On Linux: Uses perf_events. You need to grant access:
# Temporary (until reboot)
echo '-1' | sudo tee /proc/sys/kernel/perf_event_paranoid
# Permanent
sudo sysctl kernel.perf_event_paranoid=1
If you get mmap failed errors, increase the mlock limit:
sudo sysctl kernel.perf_event_mlock_kb=2048
On macOS: Uses the Mach task API. Both on-CPU and off-CPU samples are collected, so you can see where threads block on locks or I/O.
On Windows: Uses ETW (Event Tracing for Windows). Use -a flag to record all processes. Add symbol servers for Windows/Firefox/Chrome libraries:
samply record -a \
--windows-symbol-server https://msdl.microsoft.com/download/symbols \
--breakpad-symbol-server https://symbols.mozilla.org/try/ \
--windows-symbol-server https://chromium-browser-symsrv.commondatastorage.googleapis.com
The Firefox Profiler UI
The Firefox Profiler gives you:
| View | What It Shows |
|---|---|
| Call Tree | Hierarchical breakdown of CPU time per function |
| Flame Graph | Visual stack depth over time |
| Stack Chart | Stack traces laid out on a timeline |
| Marker Chart | Events and annotations on a timeline |
| Marker Table | Searchable list of all markers |
You can filter by thread, zoom into time ranges, search for specific functions, and double-click any function to see source code with per-line sample counts.
All data stays local until you explicitly choose to upload. The Firefox Profiler runs in your browser but loads data from samply's local webserver.
Real-World Examples
Profile a Build Process
# Profile Hugo static site generation
samply record hugo
# Profile a Rust build
samply record cargo build --release
# Profile a Go binary
samply record ./my-go-service --config prod.yaml
Profile a Running Service
On macOS, you can attach to a running process:
# First time only: self-sign samply binary
samply setup
# Attach to PID
samply record --pid 12345
Profile a CLI Tool
# Profile kubectl operations
samply record kubectl get pods -A
# Profile a database migration
samply record ./migrate up
# Profile a log parser
samply record grep -r "ERROR" /var/log/
Tips for Better Profiles
Rust: Use a Profiling Build Profile
Create ~/.cargo/config.toml:
[profile.profiling]
inherits = "release"
debug = true
Then build and profile:
cargo build --profile profiling
samply record ./target/profiling/my-binary
This gives you release-level optimizations with debug symbols, so you get inline stacks and accurate source code mapping.
C/C++: Include Debug Info
Make sure -g is in your compiler flags.

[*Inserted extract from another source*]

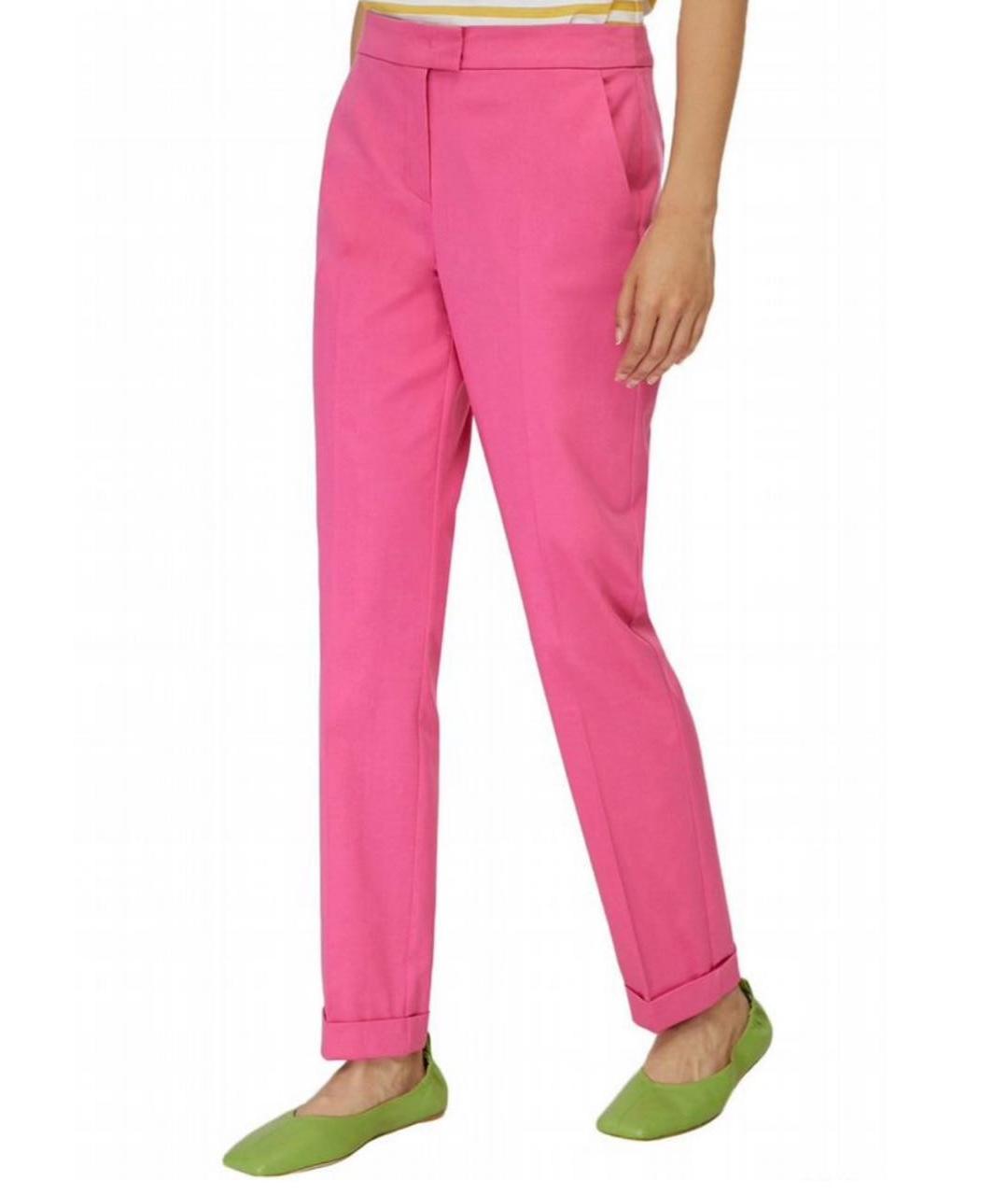 MAX&CO Розовые хлопковые прямые брюки, фото 6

Without debug info, you only see hex addresses instead of function names.
Go: Default Builds Work
Go binaries include symbol information by default (unless stripped with -ldflags -s -w). Samply works out of the box with standard Go builds.

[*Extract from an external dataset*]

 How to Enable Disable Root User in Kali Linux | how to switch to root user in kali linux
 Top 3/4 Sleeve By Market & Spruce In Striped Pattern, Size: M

Comparison With Other Profilers
| Tool | Platform | UI | Setup Effort | Off-CPU |
|---|---|---|---|---|
| Samply | macOS, Linux, Windows | Firefox Profiler (browser) | Minimal | macOS + Windows |
| perf + FlameGraph | Linux only | SVG (static) | Medium | With additional flags |
| Instruments | macOS only | Xcode (heavy) | Medium | Yes |
| py-spy | Python only | Speedscope/console | Minimal | No |
| async-profiler | JVM only | FlameGraph/JFR | Low | Yes |
| Intel VTune | Linux, Windows | Custom GUI | High | Yes |
Samply's advantage is the combination of cross-platform support, zero-config operation, and the Firefox Profiler UI. For most DevOps profiling tasks (figuring out why a build is slow, why a CLI tool takes too long, or what a service is spending CPU on), samply is the fastest path from "I have a problem" to "I can see the flame graph."
Limitations
- macOS: Cannot profile system commands (e.g.,
/usr/bin/sleep, system Python). These are signed to blockDYLD_INSERT_LIBRARIES. Homebrew-installed and locally-compiled binaries work fine - Linux: Only on-CPU samples are collected currently (off-CPU support is macOS and Windows only)
- No continuous profiling. Samply is for ad-hoc profiling sessions, not production continuous profiling (use Pyroscope or Parca for that)

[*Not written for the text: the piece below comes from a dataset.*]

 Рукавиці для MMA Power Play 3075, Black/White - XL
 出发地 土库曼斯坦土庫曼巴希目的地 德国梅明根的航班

- Needs debug symbols for useful output. Stripped binaries show hex addresses
Sharing Profiles
After recording, you can upload the profile directly from the Firefox Profiler UI. This generates a shareable link:
This is useful for sharing performance findings with your team. The recipient does not need samply installed; they just open the link in a browser.
Quick Reference
# Profile a command
samply record ./my-app args
# Profile with custom sample rate (samples per second)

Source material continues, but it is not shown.